To a reporter asking Speaker nominee Mike Johnson about efforts to overturn the 2020 election · The Hill profile of Foxx · CONTESTED · cite

Full personnel file

1. Identity

Virginia Ann Foxx (born June 29, 1943). U.S. Representative for North Carolina's 5th congressional district since 2005; dean of the North Carolina delegation since 2025. Former president of Mayland Community College and North Carolina state senator. Chair of the House Education and the Workforce Committee (2017–2019, 2023–2025) and chair of the House Rules Committee in the 119th Congress (2025–). Republican; running for a 12th term in 2026.

2. Voting / Legislative Profile

Lugar–McCourt Bipartisan Index below baseline (~249th, ~-0.63 in 2023); DW-NOMINATE solidly right-of-center. Signature domain: higher-education and workforce policy as Education & Workforce chair (FUTURE Act 2019; recurring Higher Education Act reauthorization efforts; sharp oversight of accreditation and student-aid rules). As Rules chair she functions as the majority's floor-traffic manager. Policy positions are NOT scored in either direction; only conduct against the oath is.

3. Constitutional Moments

The defining constitutional moment on this record is adverse: Foxx is a verified signatory of the December 2020 Texas v. Pennsylvania amicus brief asking the Supreme Court to discard four states' certified presidential electors, and she objected to Pennsylvania's electoral count on January 6, 2021. The amicus participation is Criterion-8 process-subversion conduct, legal-on-its-face power aimed at defeating the constitutional purpose of the certified count, and caps the oath-fidelity measures.

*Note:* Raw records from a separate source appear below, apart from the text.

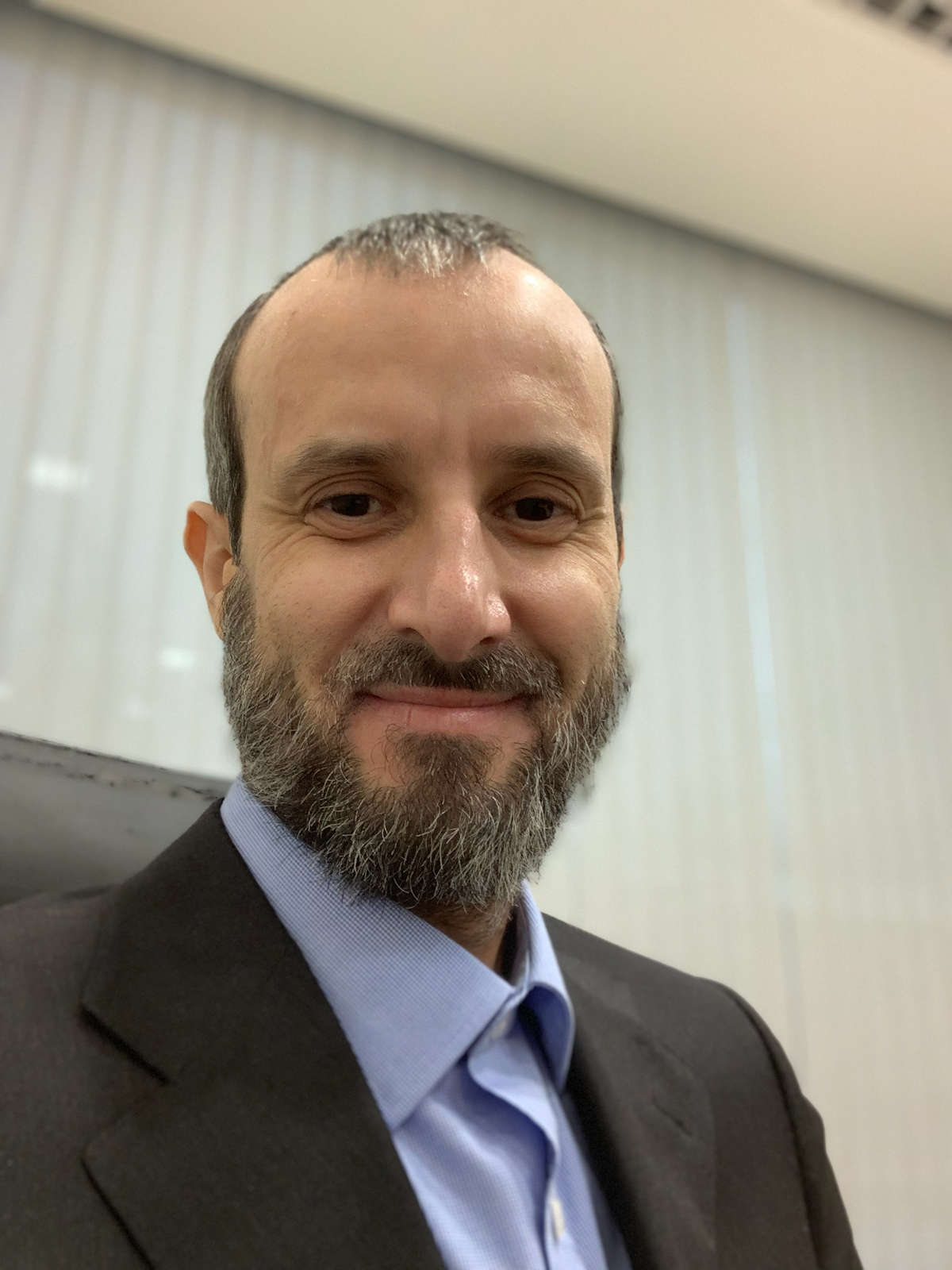 Сергей Мусарский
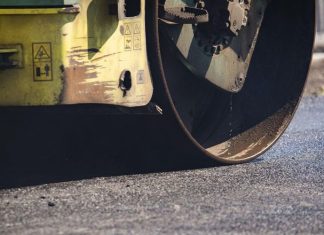 10 млрд на приведение в порядок дорог Крыма — что сделают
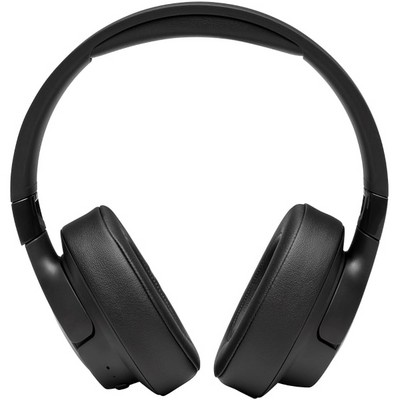 JBL Tune 710BT, черный - фото 57196
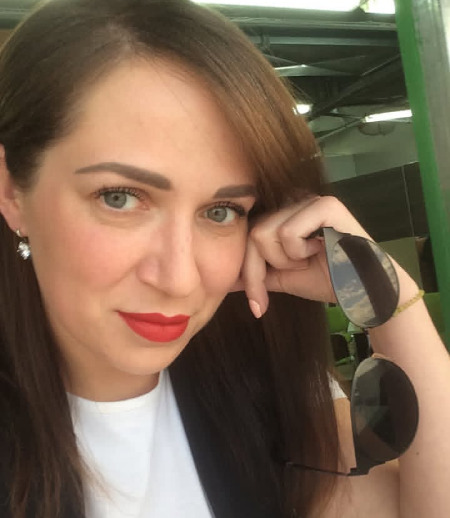 Сиделка в городе Екатеринбург - Ксения М.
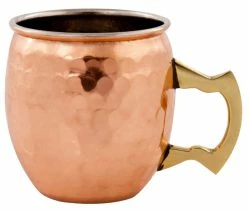 Flash Sale 🌟 Twine Old Kentucky Home Moscow Mule Shot Mug 🛒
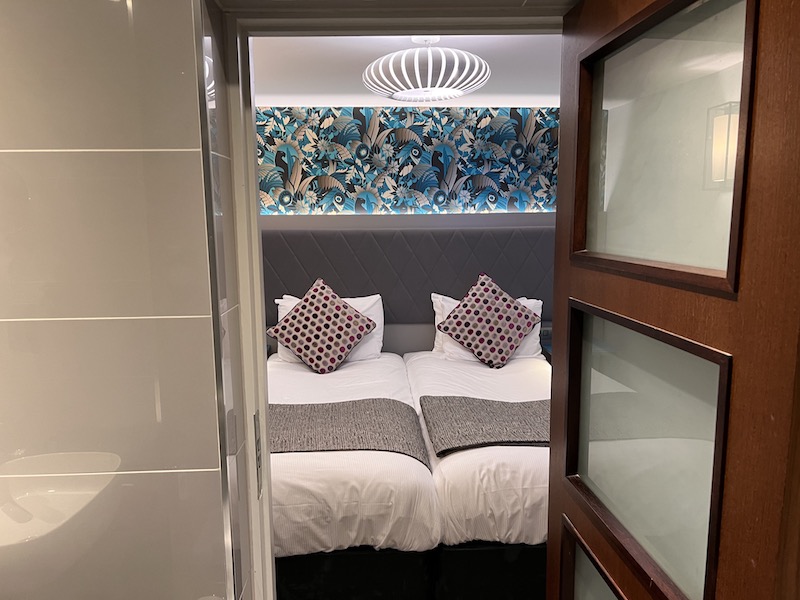 Review: Mercure London Hyde Park, Verenigd Koninkrijk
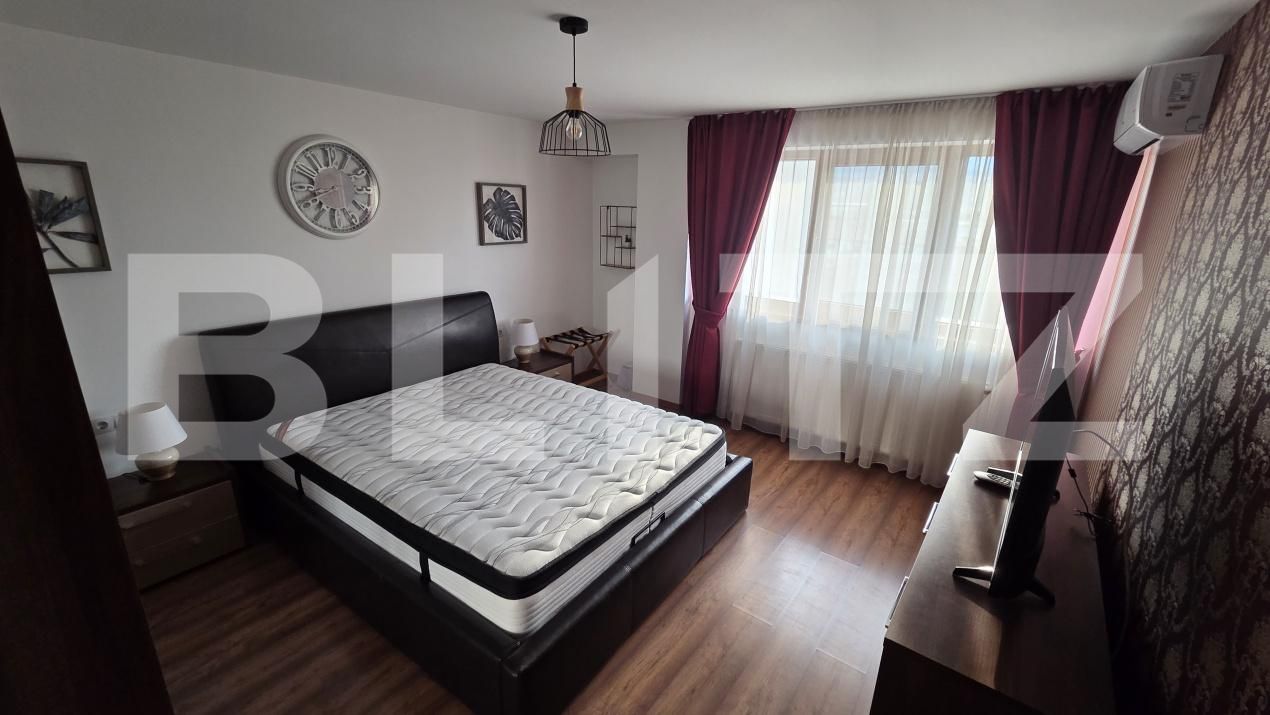 Apartament de închiriat 3 camere Cetate - 199576AI | BLITZ Alba Iulia | Poza5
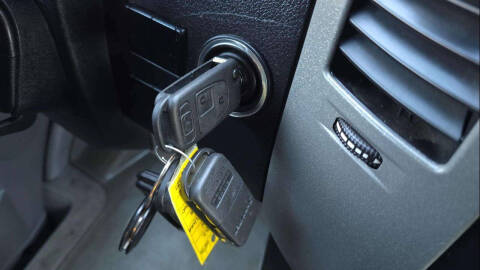 2014 Freightliner Sprinter 3500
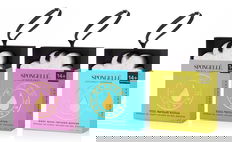 Spongelle Body Wash Infused Buffer
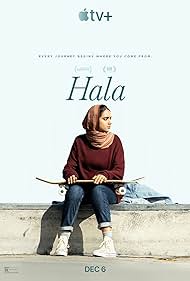 Hala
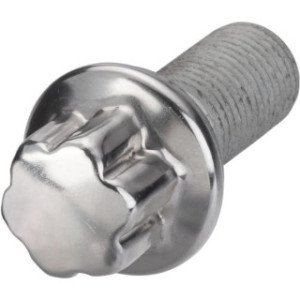 VIGOR 17mm speciālā muciņa riteņu skrūvēm, Mercedes-Benz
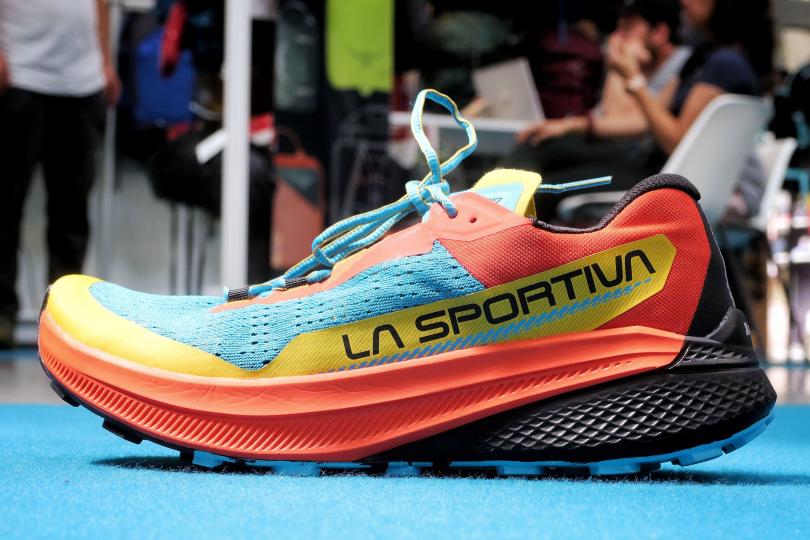 la sportiva prodigio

4. Rhetoric & Discourse Profile

A blunt, combative public voice. The most serious documented drag is the 2009 floor characterization of Matthew Shepard's murder as a "hoax," for which she later issued a written (semantic) apology. A 2023 "go away / shut up" exchange with a reporter illustrates the abrasive register. These are documented instances of incivility and one cruel mischaracterization rather than a sustained incitement/enemy-making pattern, so no Criterion-10 flag attaches, but they sit honestly against the measures.

5. Fiduciary Profile

No adjudicated ethics finding, sanction, or active indictment located. No documented pattern of office- attributable enrichment (self-dealing, family payments, office-information trades, or foreign-government revenue) surfaced; M11 therefore is not penalized, consistent with the rule that raw wealth is never scored.

6. Severity-Class Conduct

One confirmed Severity-class flag: Criterion 8 (process subversion), capping, for signing the December 2020 Texas v. Pennsylvania amicus brief seeking to discard certified electors. No Criterion-10 enemy-making pattern reaches the documented-pattern threshold (the Shepard remark and reporter exchange are isolated instances). The capping flag forecloses author_verdict.support regardless of composite. Flag count: one.

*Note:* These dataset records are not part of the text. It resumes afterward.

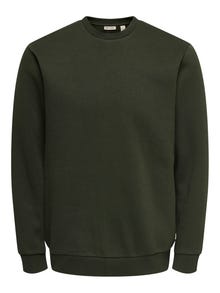 ONLY & SONS ONSCERES Svetarit -Rosin - 22018683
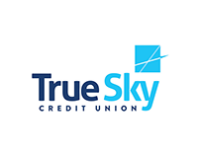 True sky credit union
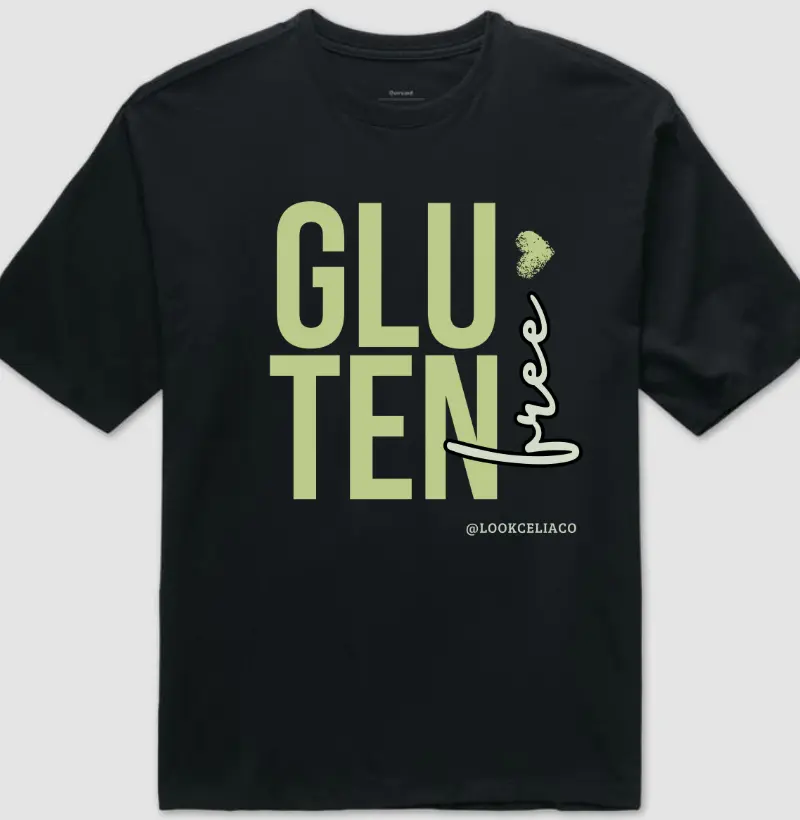 GLUTEN FREE 💚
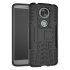 Olixar ArmourDillo Motorola Moto E5 Plus Protective Case - Black 1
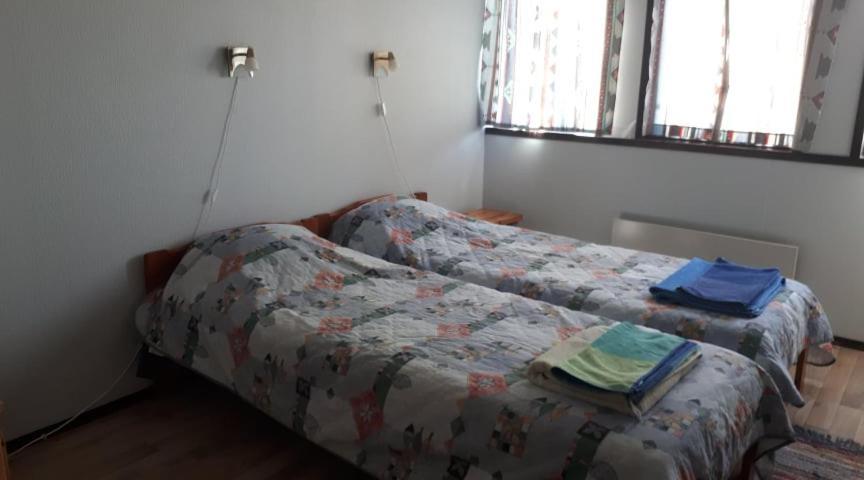 Sassi Talu Horsefarm Hotel Пярну Екстериор снимка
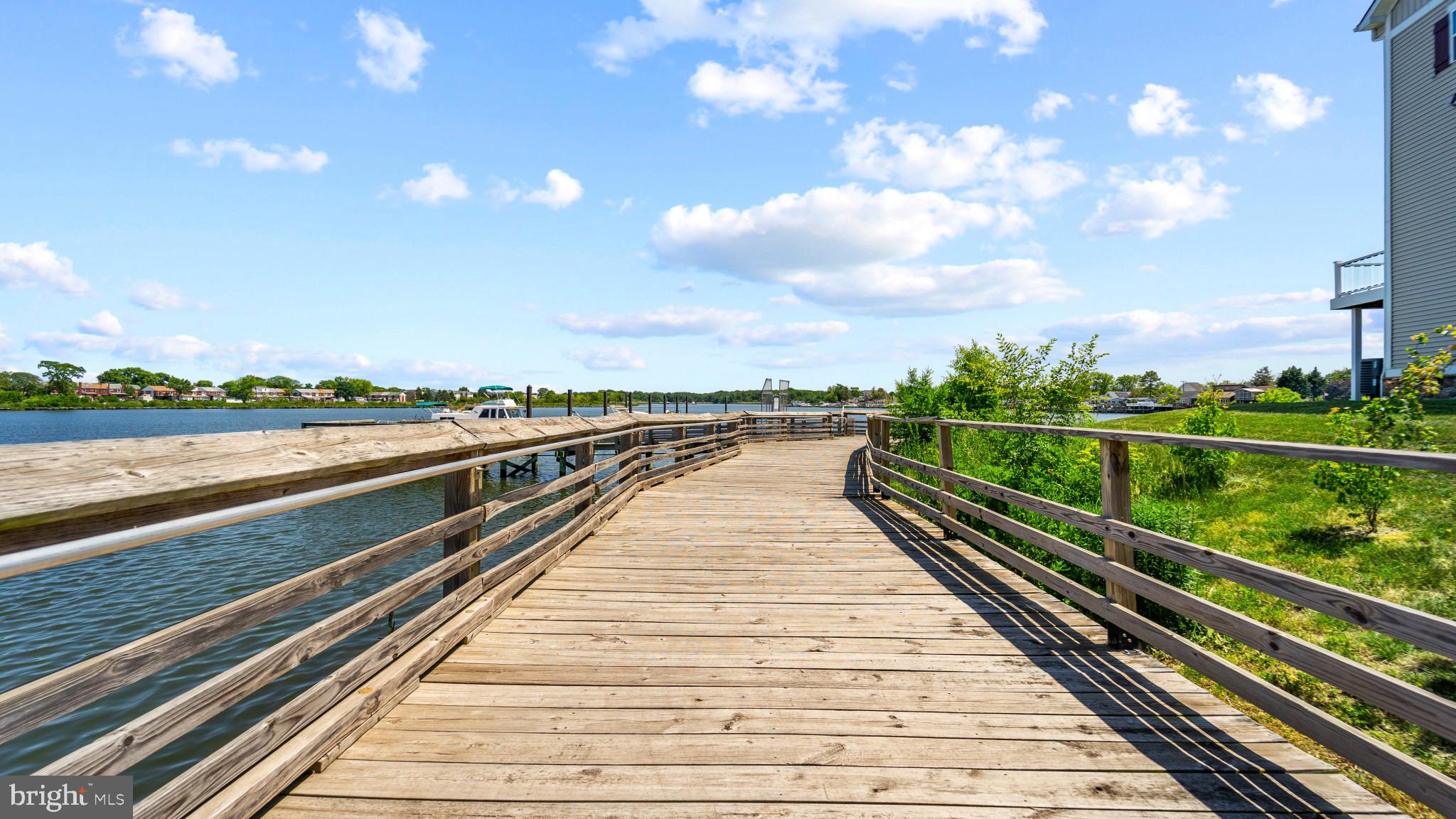 SHELTERED HARBOR - Residential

7. What The Framework Says

Foxx is a long-tenured, substantively capable legislator within a defined policy lane, and the standard does not grade that policy lane. What the standard does grade is conduct against the oath, and there the record carries a capping finding: lending the standing of a federal office to a legal effort to nullify another state's certified presidential electors. That is not partisan heat; it is the use of legitimate power to defeat a constitutional purpose. Paired with the documented 2009 mischaracterization of a murder victim, the record falls below the bar despite real institutional competence. Capped; not supported.

8. Sources & Where To Look Deeper

Tier 1 (primary): U.S. Supreme Court, Texas v. PA amicus docket · Congress.gov member profile

Tier 2: Lugar Center Bipartisan Index · Ballotpedia

Research links: Congress.gov member profile · Ballotpedia · Voteview / DW-NOMINATE · Texas v. PA amicus (126 Representatives) · Wikipedia

Scores derive from the fixed Constitutional Weight Schedule. The bar does not move. Conduct, not party.